Task input:
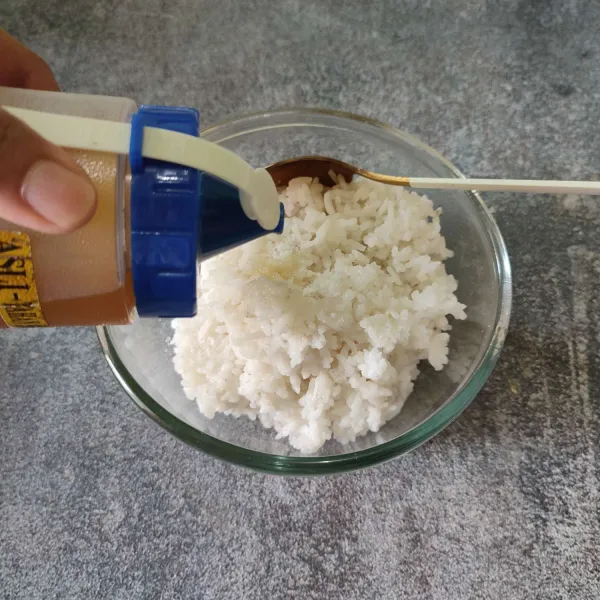 Pindahkan nasi ke wadah, campurkan dengan garam, dan minyak wijen, aduk rata.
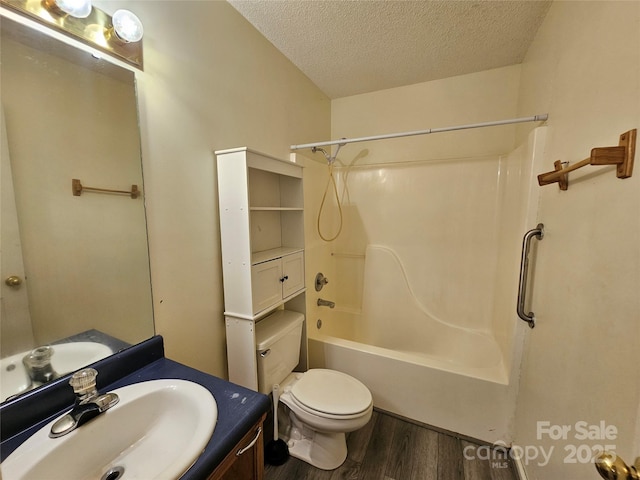 130 Susan Rd Unit 2, Casar, NC 28020 - bathroom featuring a textured ceiling, wood finished floors, toilet, vanity, and shower / tub combination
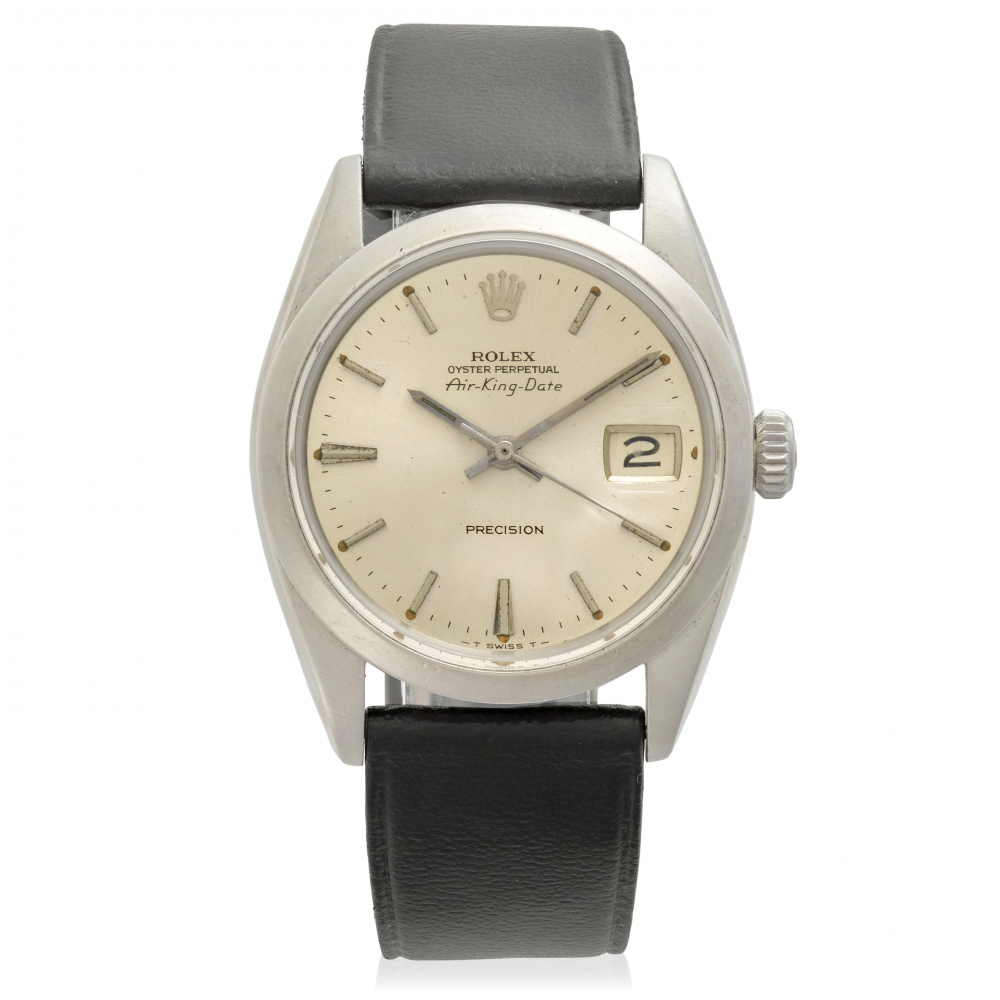 ROLEX. A STAINLESS STEEL AUTOMATIC CALENDAR WRISTWATCH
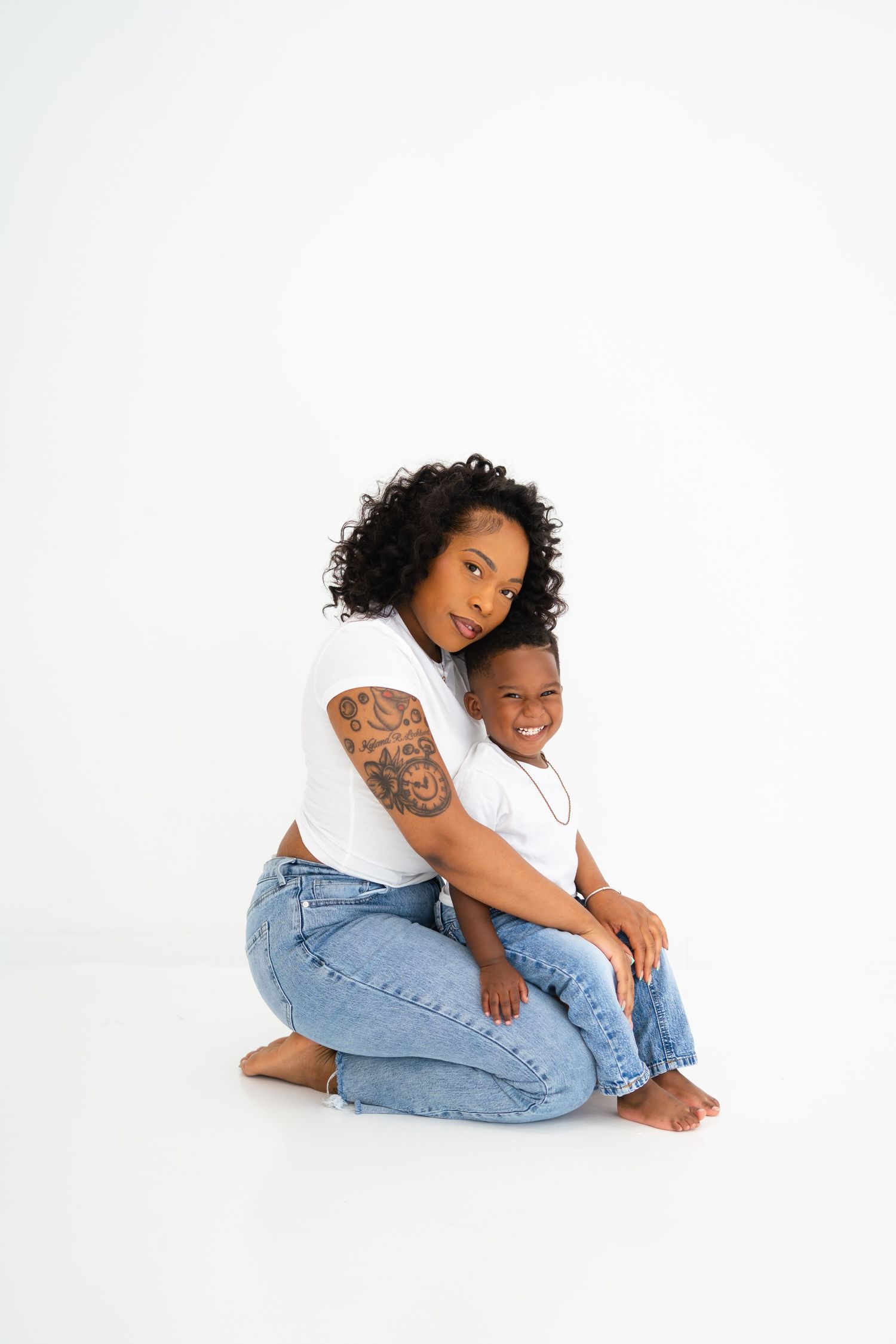 Mother and young son in matching white tees and jeans sharing a warm embrace on a white background.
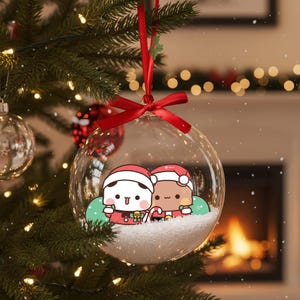 May include: A clear glass Christmas ornament with a red ribbon and bow. Inside, two cartoon figures in Santa hats stand on a bed of white snow. The ornament hangs on a decorated Christmas tree with lights.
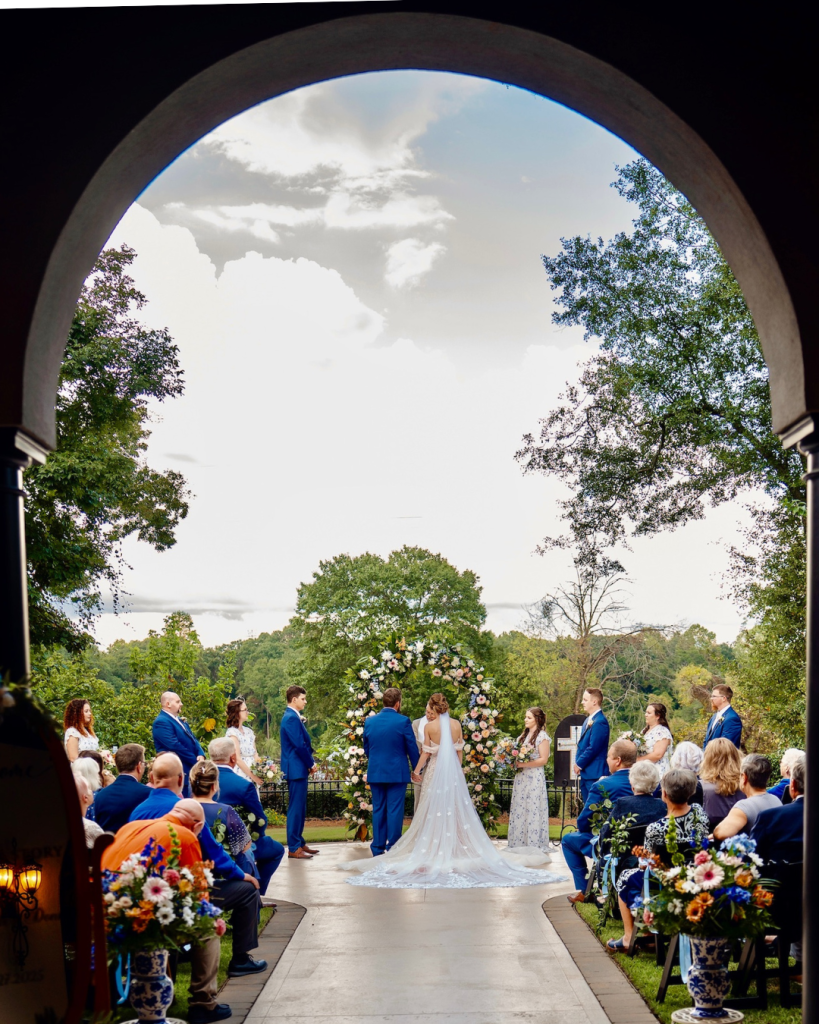 Outdoor wedding ceremony at The Riverwalk Event Venue with floral ceremony arch, guests seated, and scenic landscape views in Rock Hill, South Carolina.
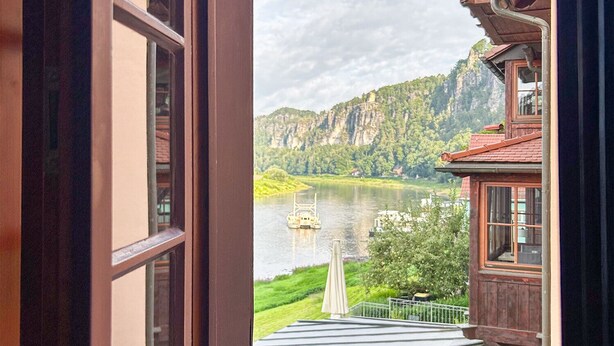 Une vue à travers une fenêtre ouverte, donnant sur un bâtiment à l’extérieur en bois, doté d’un balcon, et sur une rivière avec un pont en arrière-plan.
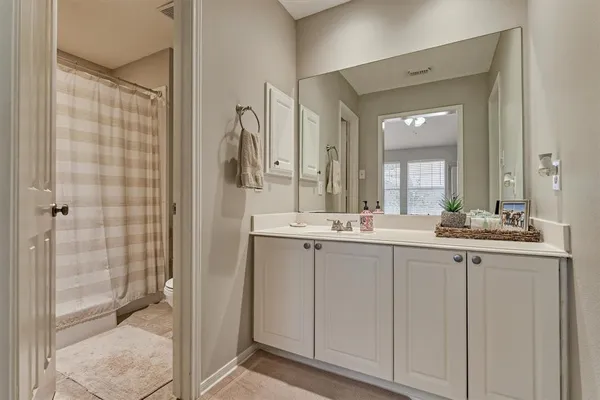 a bathroom with a granite countertop sink a mirror and a shower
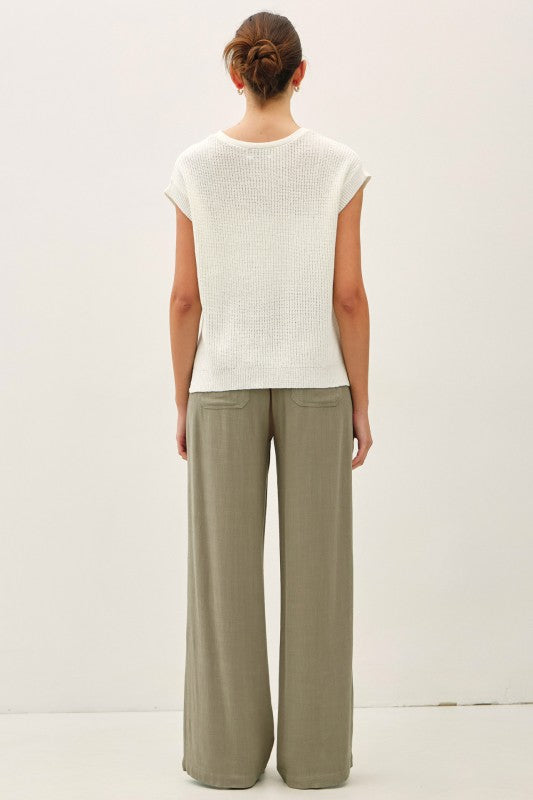 dolman sleeve V-neck sweater with a relaxed, cropped silhouette and modern high-low hem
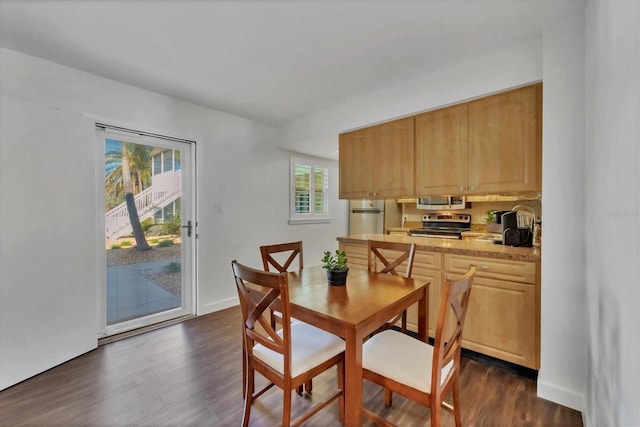 dining area featuring dark wood-type flooring and baseboards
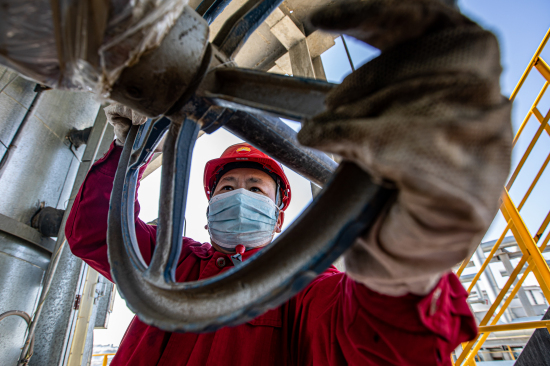 新疆油田员工对密闭站空冷器进行日常检查。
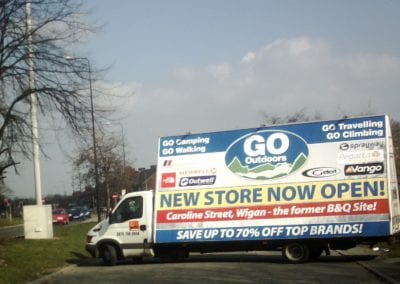 Advertising Van near busy main road advertising Go Outdoors new store opening near Wigan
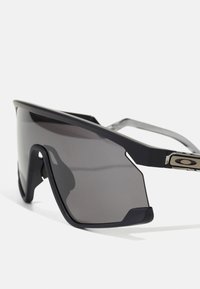 Schwarze Sportsonnenbrille mit großen grauen Gläsern und einem geometrischen Rahmen. Verfügt über flexible Gummiakzente und ein metallisches Logo-Detail an der Seite.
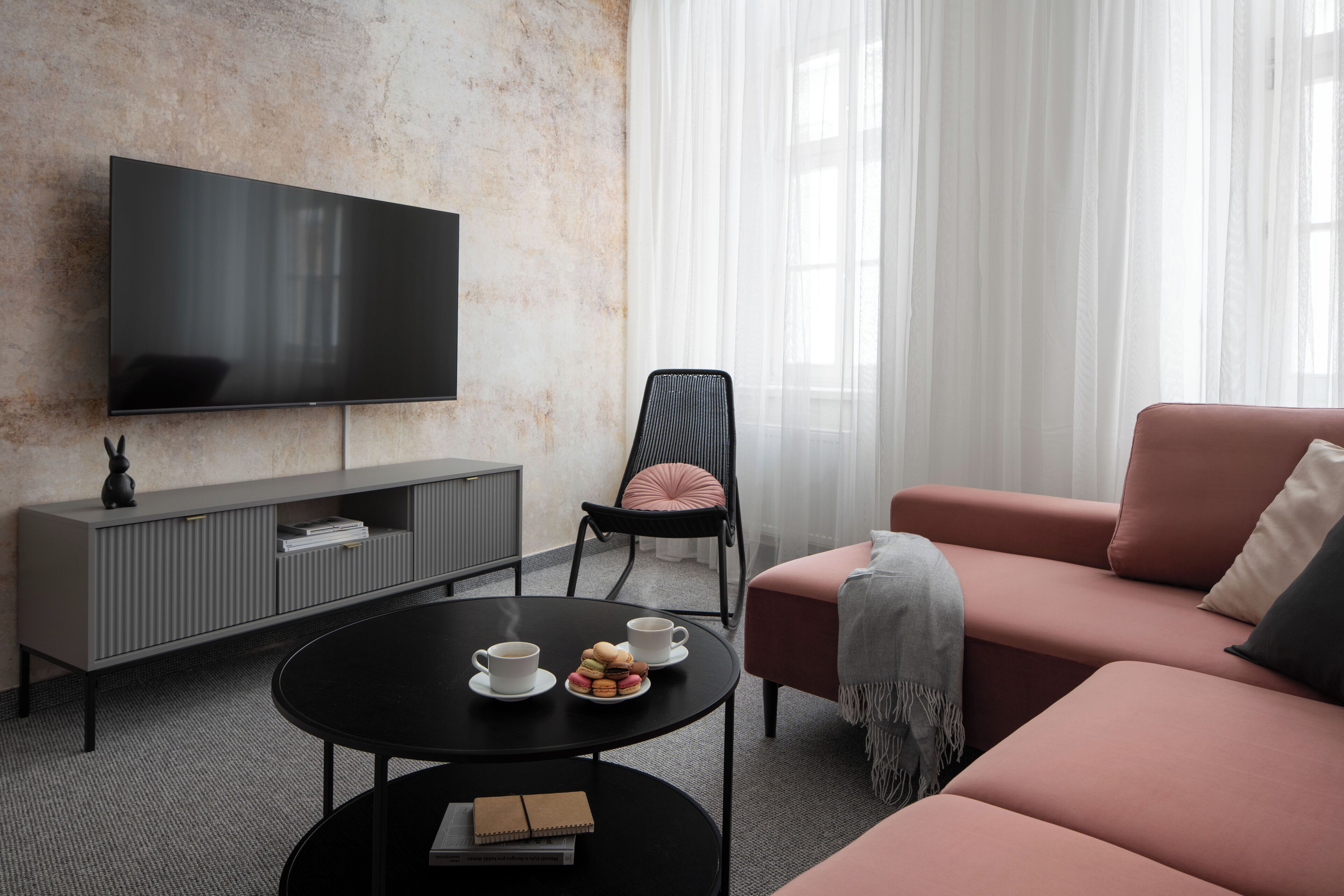 A modern living room with a flat-screen TV, a sofa, a chair, a coffee table, and a bookshelf.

Exercise aim: Restate word for word the lines of the data above that begin at the line with "新疆油田员工对密闭站空冷器进行日常检查。" and end at the line with "Schwarze Sportsonnenbrille mit", keeping both ends and dropping every picture.

Final answer:
 新疆油田员工对密闭站空冷器进行日常检查。
 Advertising Van near busy main road advertising Go Outdoors new store opening near Wigan
 Schwarze Sportsonnenbrille mit großen grauen Gläsern und einem geometrischen Rahmen. Verfügt über flexible Gummiakzente und ein metallisches Logo-Detail an der Seite.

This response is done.